In some implementations, the first separator material layer 101 is a microporous separator material comprising a particulate material and a binder, with the microporous separator material having a porosity (void fraction) of about 20 vol. %. The pores of the microporous separator material may have a diameter of at least 50 A and may fall within the range of about 250 A to about 2,500 A. The microporous separator material may have a porosity of less than 75%. In some implementations, the microporous separator material has a porosity (void fraction) of about 25 vol %. In some implementations, the microporous separator material may have a porosity of about 35-55%.
The binder for the microporous separator material may be selected from a wide range of inorganic or polymeric materials. For example, the binder may be an organic material selected from the group consisting of silicates, phosphates, aluminates, aluminosilicates, and hydroxides such as magnesium hydroxide, calcium hydroxide, etc. For example, the binder may be a fluoropolymer derived from monomers containing vinylidene fluoride, hexafluoropropylene, tetrafluoropropene, and the like. In other implementations, the binder may be a polyolefin such as polyethylene, polypropylene, or polybutene, having any of a range of varying molecular weights and densities. In other implementations, the binder may be selected from the group consisting of ethylene-diene-propene terpolymer, polystyrene, polymethyl methacrylate, polyethylene glycol, polyvinyl acetate, polyvinyl butyral, polyacetal, and polyethyleneglycol diacrylate. In other implementations, the binder may be selected from the group consisting of methyl cellulose, carboxymethyl cellulose, styrene rubber, butadiene rubber, styrene-butadiene rubber, isoprene rubber, polyacrylamide, polyvinyl ether, polyacrylic acid, polymethacrylic acid, and polyethylene oxide. In other implementations, the binder may be selected from the group consisting of acrylates, styrenes, epoxies, and silicones. In other implementations, the binder may be a copolymer or blend of two or more of the aforementioned polymers.
The particulate material made by the microporous separator material may also be selected from a wide range of materials. In general, such materials have a relatively low electronic and ionic conductivity at operating temperatures and do not corrode under the operating voltages of the battery electrode or current collector contacting the microporous separator material.
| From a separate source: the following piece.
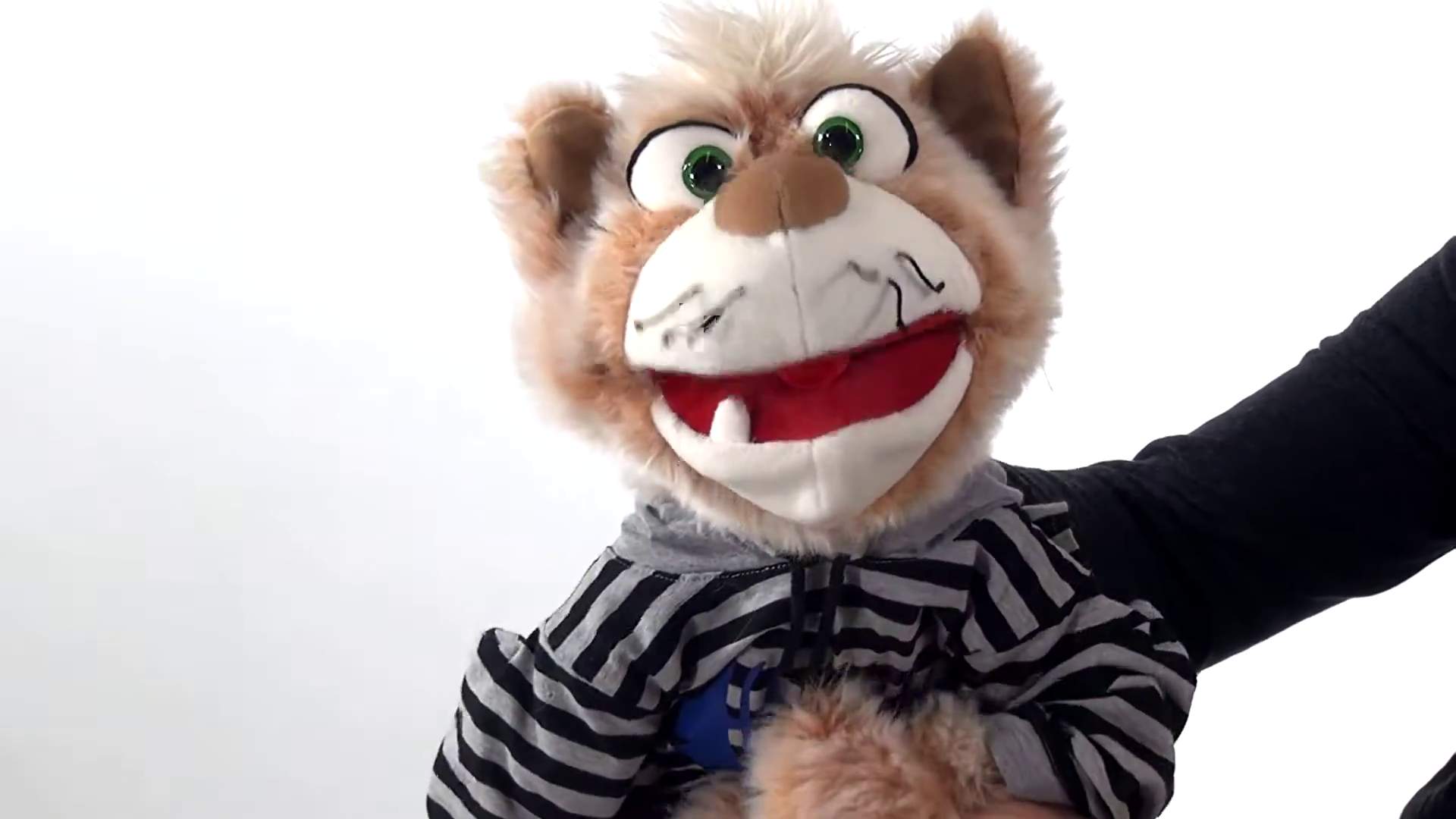 Video 1: Living Puppets hand puppet Wisky the cat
For example, the particulate material may have a conductivity for carrier ions (e.g., lithium) of less than 1×10−4 Siemens/cm (S/cm). By way of further example, the particulate material may have a conductivity for carrier ions of less than 1×10−5 S/cm. By way of further example, the particulate material may have a conductivity for carrier ions of less than 1×10−6 S/cm. Particulate materials may be particulate polyethylene, polypropylene, a TiO2-polymer composite, silica aerogel, fumed silica, silica gel, silica hydrogel, silica xerogel, silica sol, colloidal silica, alumina, titania, magnesia, kaolin, talc, diatomaceous earth, calcium silicate, aluminum silicate, calcium carbonate, magnesium carbonate, or a combination thereof. For example, in some implementations, the particulate material may be a particulate oxide or nitride such as TiO2, SiO2, Al2O3, GeO2, B2O3, Bi2O3, BaO, ZnO, ZrO2, BN, Si3N4, and Ge3N4. See, for example, P. Arora and J. Zhang, “Battery Separators” Chemical Reviews 2004, 104, 4419-4462, which is hereby incorporated by reference herein in its entirety. In some implementations, the particulate material may have an average particle size of about 20 nanometer (nm) to 2 micrometers (μm), more typically 200 nm to 1.5 μm. In some implementations, the particulate material may have an average particle size of about 500 nm to 1 μm.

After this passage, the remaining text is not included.